É com pesar, no entanto, que registro que o projeto de Código de Defesa do Contribuinte – que, se aprovado, será um importante instrumento de fortalecimento da cidadania – “dorme”, no Senado da República, o “sono dos justos”. Os nobres senadores estão preocupados com outros negócios …

        Enfim, penso que esses breves relatos revelam, palidamente embora, o prestígio e a dimensão intelectual e moral do Professor Ricardo Lobo Torres.

         7. Assim, não lhe fazemos favor algum, colocando-o no pináculo de “Mestre dos Tributaristas”, porque efetivamente ele o foi. Disso dão testemunho eloquente as gerações de estudiosos que formou e que continuam a valer-se de seus preciosos ensinamentos.

         Quando os tributaristas de hoje, que tanto brilho emprestam à Ciência Jurídica, ainda não existiam; se existiam, ainda não escreviam; se escreviam, ainda guardavam cautelosamente suas produções intelectuais, à espera do momento mais propício para entrar em cena, Ricardo Lobo Torres já lhes mapeava os caminhos.

         8. Com tudo isso – mas exatamente por isso – o Prof. Ricardo Lobo Torres, era um homem modesto. Modesto porque sabia. Modesto, como Sócrates, que, apesar de ser o homem mais sábio de Atenas, dizia: “só sei que nada sei”. Mas quanto Sócrates sabia: tanto, que diante dele já desfilaram reverentes mais de 20 séculos de Filosofia.

         Como veem, Colegas Congressistas, a Ricardo Torres calham bem estas palavras de Leonardo da Vinci, o maior gênio que existiu sobre a face da Terra:

“Pouco conhecimento faz com que as pessoas se sintam orgulhosas. Muito conhecimento as tornam humildes. De fato, as espigas sem grãos erguem desdenhosamente a cabeça para o céu; já, as repletas de grãos, baixam-na humildemente para a Terra, mãe de todos nós”.

         9. Minhas senhoras e meus senhores! Há quem diga que o destino dos homens está escrito nas estrelas. Talvez o de alguns. Há homens, no entanto, que são donos do próprio destino. Ricardo Lobo Torres foi, sem dúvida, um desses homens. Foi um permanente edificador da própria vida e eu me atrevo a dizer, nessa altura, da própria lenda; foi o que quis ser, comandando o próprio destino.
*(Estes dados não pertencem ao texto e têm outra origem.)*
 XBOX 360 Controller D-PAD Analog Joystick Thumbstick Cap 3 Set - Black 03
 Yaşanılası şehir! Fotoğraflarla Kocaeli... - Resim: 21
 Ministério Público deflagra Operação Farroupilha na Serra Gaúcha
Sabia o pranteado mestre, que o contribuinte brasileiro, tal qual Prometeu no Cáucaso, está com o corpo acorrentado, mas que seu espírito – esse não – continua livre: recusa-se a aceitar a injustiça fiscal. Apenas necessita de amparo. E que esse amparo pode e deve vir daqueles que, como nós, fazem da Ciência Jurídico-Tributária, o centro de suas preocupações intelectuais.

         Foi essa a lição que nos deixou, com suas mãos mansas, com sua voz serena, com seu sorriso simpático.
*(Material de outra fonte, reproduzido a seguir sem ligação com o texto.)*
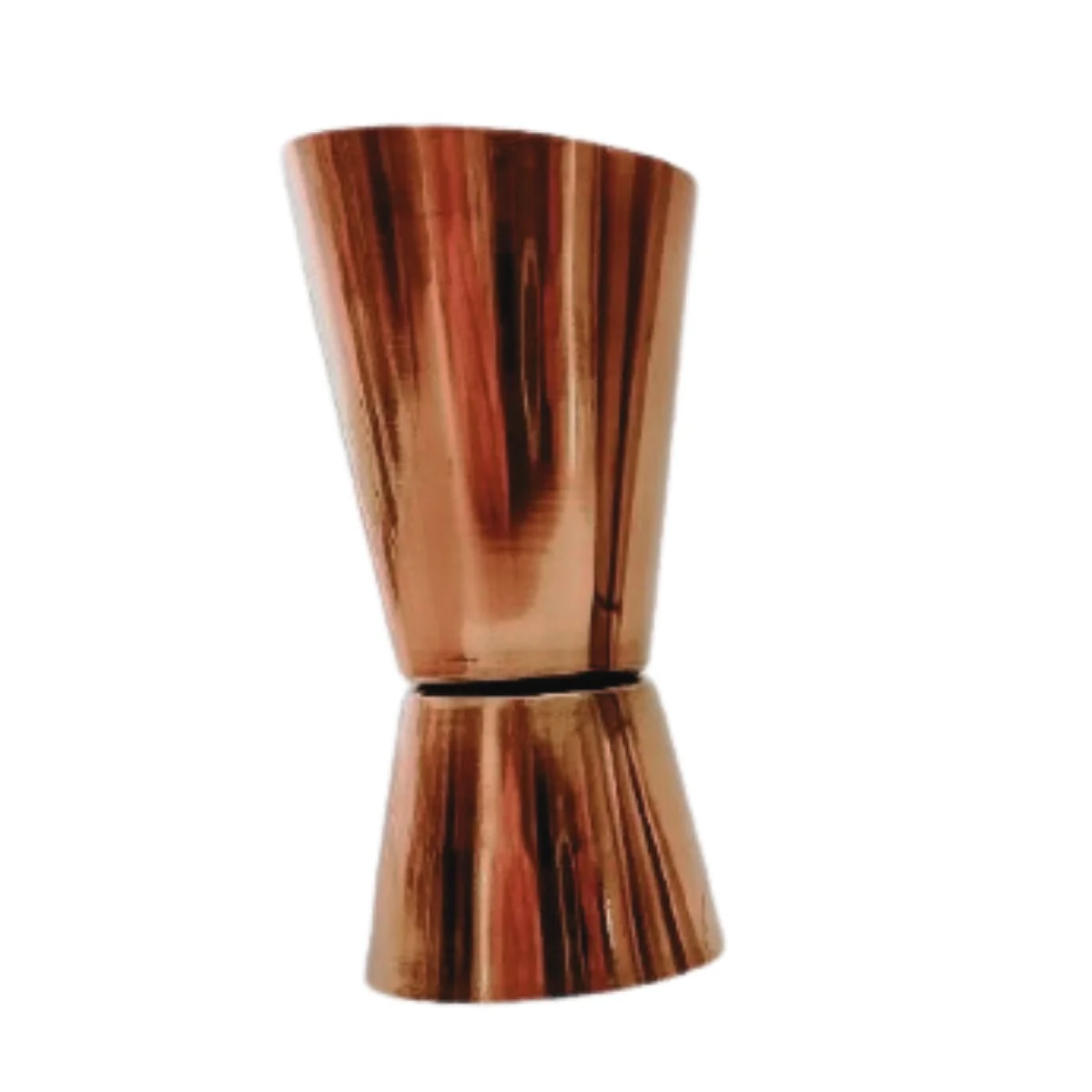 Fünke Deluxe Jigger 25/50 Bakır
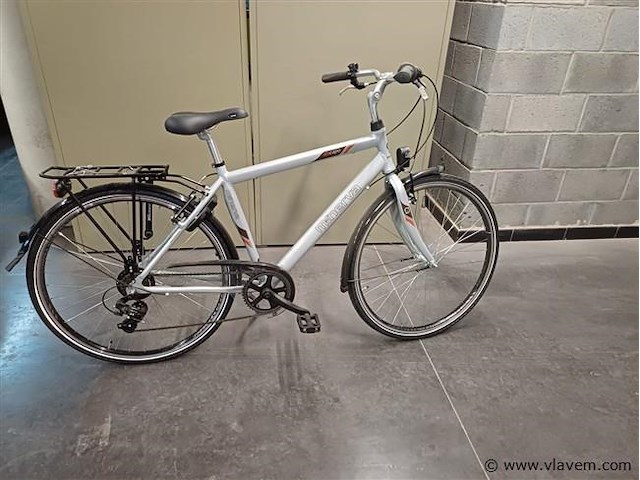 Herenfiets - afbeelding 1 van  2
         10. O Professor Ricardo Lobo Torres foi, ainda, o marido fiel e exemplar de Da. Sônia Regina Faber Torres, sua companheira de toda a vida, e o orientador amoroso e seguro de seus filhos, os Doutores Marcelo, Letícia e Sílvia Faber Torres.
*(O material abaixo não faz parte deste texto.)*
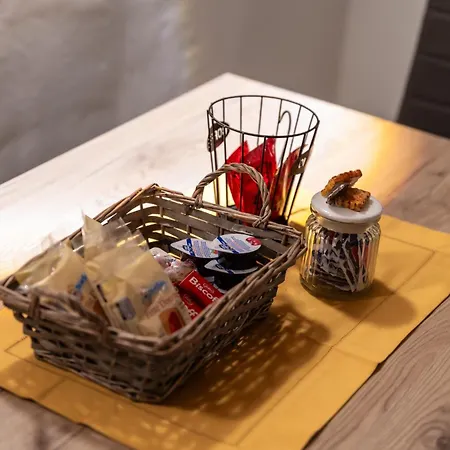 Couette-café Il Girasole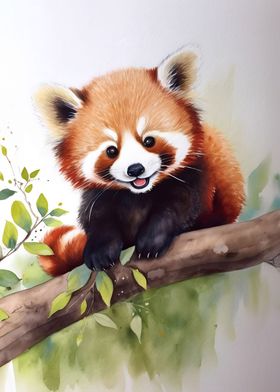 Red Panda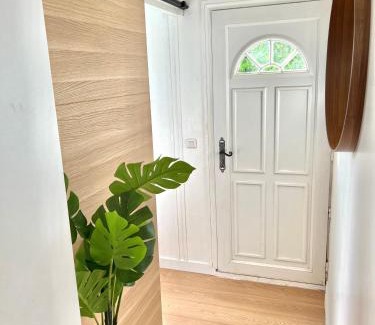 Enghien-les-Bains Apartamento | Enghien T2 Coeur de ville 12 mn de Paris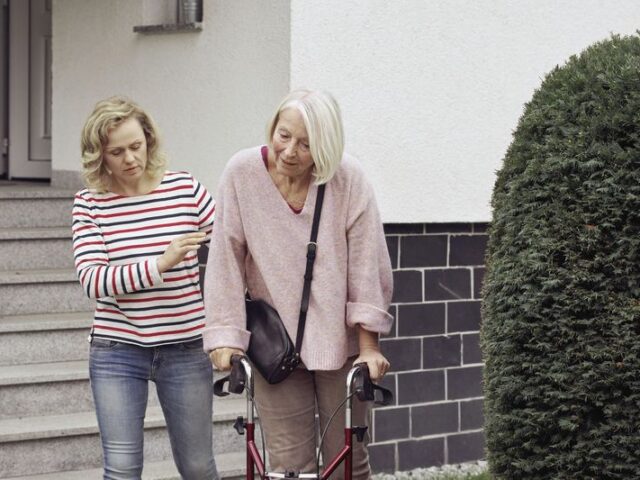 Sachsen-Anhalt ist Osteoporose-Land: 5,8 Prozent der Bevölkerung ab 35 betroffen, der höchste Anteil im Bundesgebiet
         Pessoalmente, o mínimo que posso lhes dizer é que, para mim, foi um imenso privilégio viver no mesmo momento histórico desse espírito superior e, mais do que isso, de ter podido privar de sua amizade.

         11. Memento, homo, quia pulvis est et in pulvis reverteris (“lembra-te, homem, que és pó e ao pó retornarás”). É verdade. Mas é igualmente verdade que alguns grãos de pó, quando tocados pela luz do Sol, como que se irisam e encantam a todos. Foi o que aconteceu com Ricardo Lobo Torres.

         Depois de uma longa enfermidade, ele nos deixou, após cumprir admiravelmente bem sua missão. Mas ainda vive entre nós, porque nos legou a chama do seu gênio, que não se apagou com a morte, e nem se apagará com o tempo. Antes, permanecerá em nossos espíritos para sempre, como o sentimos agora, com sua atividade infatigável, com seu pensamento criativo, com sua lhaneza no trato, com sua fidalguia insuperável.

         Partiu rumo ao sol, deixando atrás de si um rastro imperecível de sabedoria, de compreensão e de bondade. Ficou eterno! Muito obrigado, Senhora Presidente!

 


[1]. Notas taquigráficas do discurso proferido no dia 8 de agosto de 2018, na Sessão Solene de Abertura, do IX Congresso de Direito Tributário do Paraná, realizado em Curitiba.

[2]. Professor Titular da Cadeira de Direito Tributário da Pontifícia Universidade Católica de São Paulo. Advogado e Consultor Tributário.